I also gave away the DJI Osmo Action 5 Pro but am hanging on to the Action 6 for the time being. And while I was planning to trade in the Galaxy S25 Ultra when purchasing the Galaxy S26 Ultra, I ended up keeping it to do more Android <-> Android testing (but plan to also give it away once I am done with that). The only catch when doing this is I ask the recipients not to turn around and sell it/trade it in.

The point of doing this is in relation to the subject of this post; “paying it forward” to someone else who becomes the recipient of a perfectly usable device, means they themselves don’t have to put their money into the pockets of a company. My not trading it in means that a company (that would end up buying it at a fraction of what they plan to resell it at as a refurbished product), cannot remake margins on that used product. I just choose not to recoup my costs for it.

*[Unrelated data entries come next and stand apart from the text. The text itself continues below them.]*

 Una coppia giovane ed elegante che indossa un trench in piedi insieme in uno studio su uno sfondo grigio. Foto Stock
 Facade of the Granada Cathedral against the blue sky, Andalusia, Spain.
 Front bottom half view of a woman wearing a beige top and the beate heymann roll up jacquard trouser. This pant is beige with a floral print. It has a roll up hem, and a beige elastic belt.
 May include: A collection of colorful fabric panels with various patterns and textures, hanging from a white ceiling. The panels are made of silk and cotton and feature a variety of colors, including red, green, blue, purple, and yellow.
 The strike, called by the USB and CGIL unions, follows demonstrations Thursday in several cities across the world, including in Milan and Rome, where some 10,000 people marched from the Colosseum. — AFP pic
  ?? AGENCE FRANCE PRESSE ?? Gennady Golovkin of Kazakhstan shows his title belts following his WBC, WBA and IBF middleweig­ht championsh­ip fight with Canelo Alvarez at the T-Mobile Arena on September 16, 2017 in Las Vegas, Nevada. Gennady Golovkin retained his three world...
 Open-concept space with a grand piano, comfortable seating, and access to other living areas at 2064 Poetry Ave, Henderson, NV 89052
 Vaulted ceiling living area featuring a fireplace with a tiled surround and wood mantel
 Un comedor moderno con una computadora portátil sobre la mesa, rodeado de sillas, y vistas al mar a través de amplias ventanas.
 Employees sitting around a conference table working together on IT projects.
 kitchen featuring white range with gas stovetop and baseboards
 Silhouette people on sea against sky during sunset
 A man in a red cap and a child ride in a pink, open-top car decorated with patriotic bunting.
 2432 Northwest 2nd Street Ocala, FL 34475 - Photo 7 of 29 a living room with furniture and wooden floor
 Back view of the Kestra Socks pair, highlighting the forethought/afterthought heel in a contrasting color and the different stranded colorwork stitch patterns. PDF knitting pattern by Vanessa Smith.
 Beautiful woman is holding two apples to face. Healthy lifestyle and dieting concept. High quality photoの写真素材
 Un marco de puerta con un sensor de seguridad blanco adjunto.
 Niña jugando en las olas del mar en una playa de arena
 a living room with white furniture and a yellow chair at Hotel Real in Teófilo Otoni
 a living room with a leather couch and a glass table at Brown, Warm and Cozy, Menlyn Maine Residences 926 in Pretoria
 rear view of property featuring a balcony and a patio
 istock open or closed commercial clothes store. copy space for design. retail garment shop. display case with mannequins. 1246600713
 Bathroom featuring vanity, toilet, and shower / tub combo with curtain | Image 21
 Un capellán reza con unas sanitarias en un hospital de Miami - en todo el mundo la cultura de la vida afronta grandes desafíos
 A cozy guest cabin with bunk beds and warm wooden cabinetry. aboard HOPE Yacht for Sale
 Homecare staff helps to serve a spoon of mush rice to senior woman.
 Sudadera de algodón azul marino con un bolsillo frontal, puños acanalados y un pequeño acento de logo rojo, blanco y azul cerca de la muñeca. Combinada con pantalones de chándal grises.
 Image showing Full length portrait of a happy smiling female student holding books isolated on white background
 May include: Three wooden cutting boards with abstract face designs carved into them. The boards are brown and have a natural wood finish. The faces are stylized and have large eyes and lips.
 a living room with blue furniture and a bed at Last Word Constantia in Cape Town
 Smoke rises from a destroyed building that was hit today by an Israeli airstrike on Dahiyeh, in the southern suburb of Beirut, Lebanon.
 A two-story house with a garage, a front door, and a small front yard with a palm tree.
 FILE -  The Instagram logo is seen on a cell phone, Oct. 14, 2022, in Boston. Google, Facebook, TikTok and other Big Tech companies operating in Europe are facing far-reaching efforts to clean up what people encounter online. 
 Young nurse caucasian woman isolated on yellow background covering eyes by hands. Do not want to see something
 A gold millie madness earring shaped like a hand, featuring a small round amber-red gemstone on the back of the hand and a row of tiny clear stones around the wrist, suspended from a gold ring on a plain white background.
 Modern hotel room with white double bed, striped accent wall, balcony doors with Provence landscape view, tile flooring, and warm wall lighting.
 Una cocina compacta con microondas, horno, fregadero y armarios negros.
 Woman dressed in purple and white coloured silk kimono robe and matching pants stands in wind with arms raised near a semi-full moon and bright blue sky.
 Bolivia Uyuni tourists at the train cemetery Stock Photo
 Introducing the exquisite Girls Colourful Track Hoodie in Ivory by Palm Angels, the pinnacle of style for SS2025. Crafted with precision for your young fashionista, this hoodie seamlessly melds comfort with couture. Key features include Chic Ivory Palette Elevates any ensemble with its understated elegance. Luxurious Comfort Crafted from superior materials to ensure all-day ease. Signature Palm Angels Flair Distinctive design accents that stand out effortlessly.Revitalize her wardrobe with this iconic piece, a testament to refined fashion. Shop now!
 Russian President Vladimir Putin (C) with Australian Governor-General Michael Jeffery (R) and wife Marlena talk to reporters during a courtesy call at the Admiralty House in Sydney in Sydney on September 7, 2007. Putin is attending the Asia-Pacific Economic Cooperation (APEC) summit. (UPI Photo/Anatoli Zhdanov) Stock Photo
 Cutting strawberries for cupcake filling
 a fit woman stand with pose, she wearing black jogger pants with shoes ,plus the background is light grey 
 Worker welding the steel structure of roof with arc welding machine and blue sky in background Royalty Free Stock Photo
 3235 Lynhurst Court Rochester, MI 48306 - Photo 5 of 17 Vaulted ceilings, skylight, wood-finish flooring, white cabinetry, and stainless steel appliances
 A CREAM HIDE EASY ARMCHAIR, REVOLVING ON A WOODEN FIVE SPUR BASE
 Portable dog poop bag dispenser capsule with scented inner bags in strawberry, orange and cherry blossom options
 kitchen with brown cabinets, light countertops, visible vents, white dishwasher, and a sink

Finally, this statement telegraphs why sustained economic boycotts are very powerful tools that people can utilize when they are not happy with their political leaders. Companies lobby those politicians for favors. When their bottomline is impacted by consumers staying away from that spending treadmill, it incentivizes them to begin listening to regular people (the ones who are customers). I know this is oversimplifying things, but do keep this in mind as the Middle East conflict continues since all of that will eventually manifest itself in stagflation and recessionary pressures where all sorts of dominoes will be falling (including consumer spending).